INSTRUCTIONS FOR THE TASK: Needed from the data below: every line from the one with "People expect harsh" up to and including the one with "#GeorgiaProtests #NoToRussianLaw", repeated exactly and with nothing else.

PROVIDED DATA:
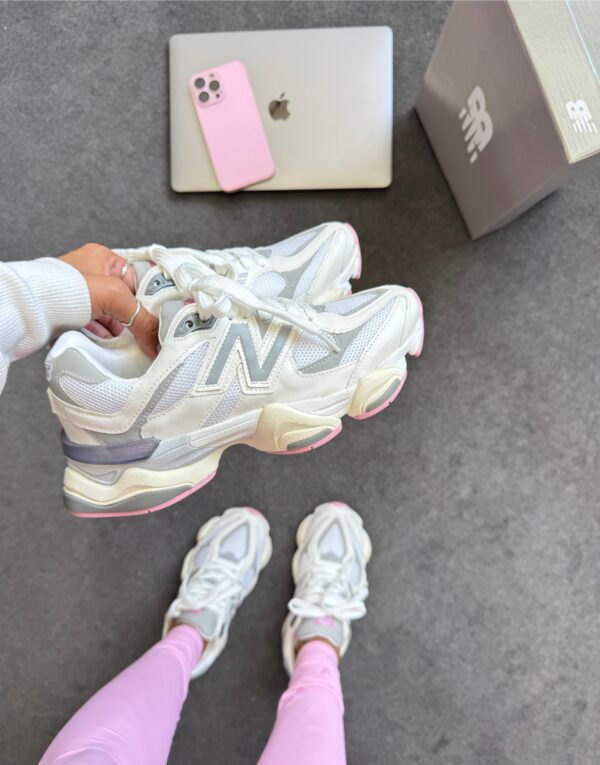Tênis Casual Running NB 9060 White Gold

---

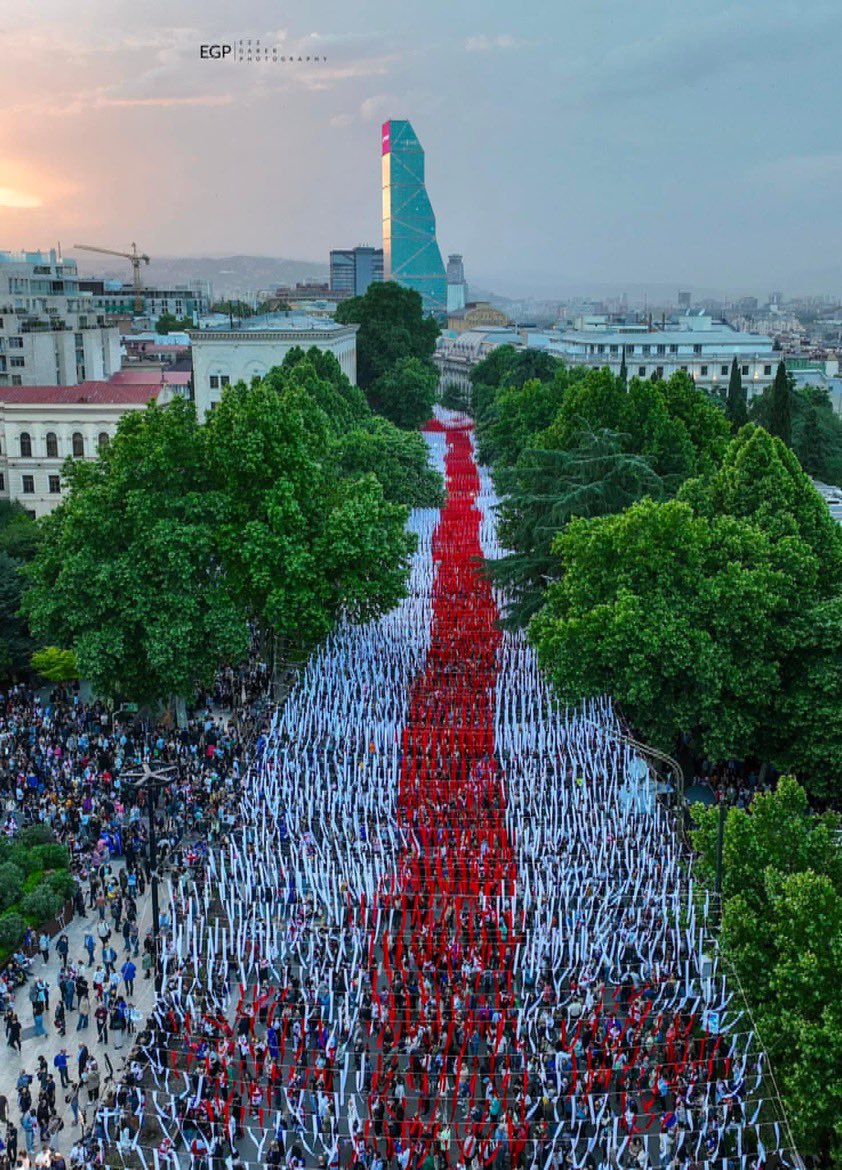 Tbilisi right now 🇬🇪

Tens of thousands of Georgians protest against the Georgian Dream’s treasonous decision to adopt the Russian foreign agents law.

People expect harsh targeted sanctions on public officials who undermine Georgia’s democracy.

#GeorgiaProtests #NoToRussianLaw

==

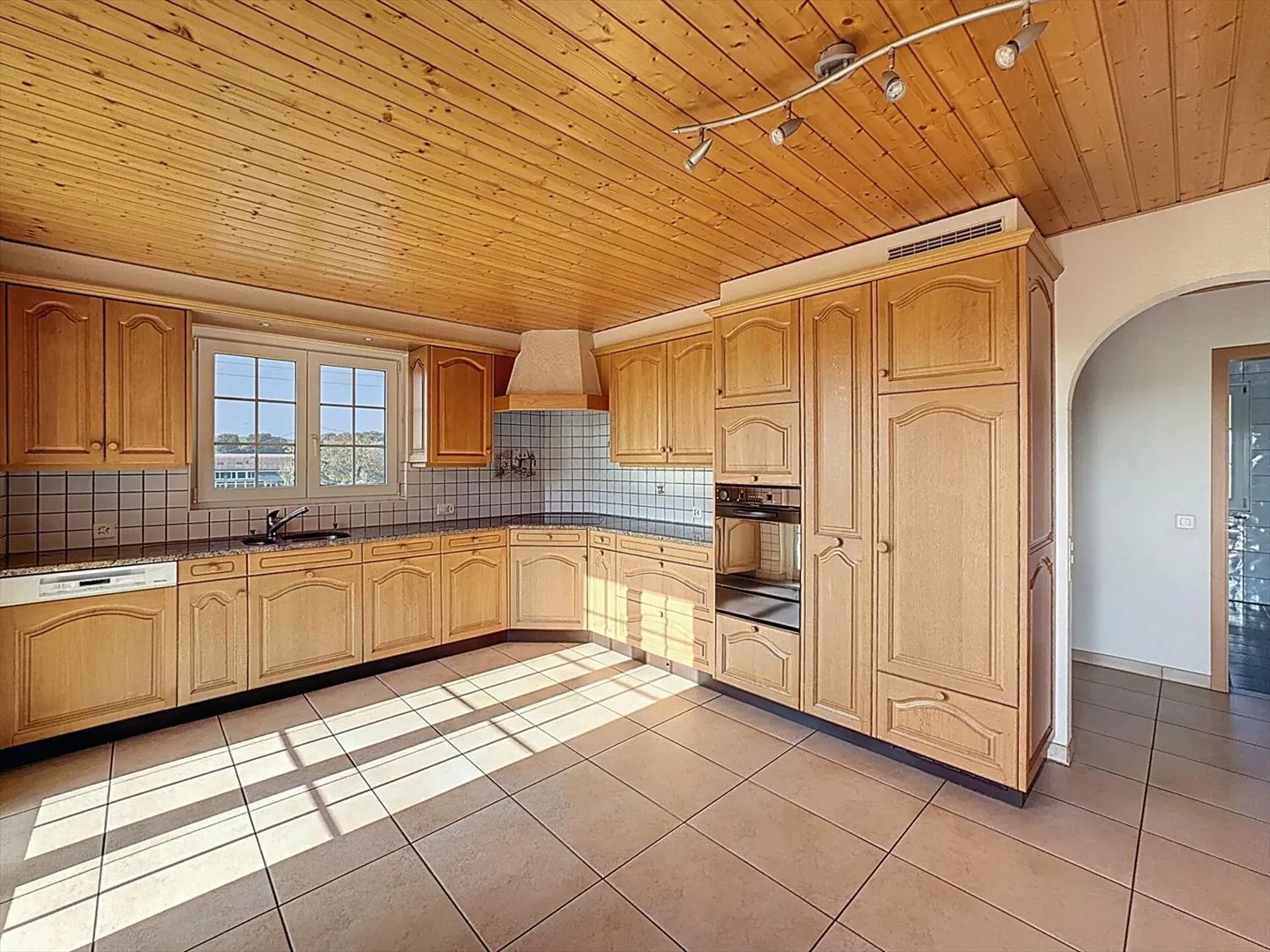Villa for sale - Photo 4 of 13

RESULT:
People expect harsh targeted sanctions on public officials who undermine Georgia’s democracy.

#GeorgiaProtests #NoToRussianLaw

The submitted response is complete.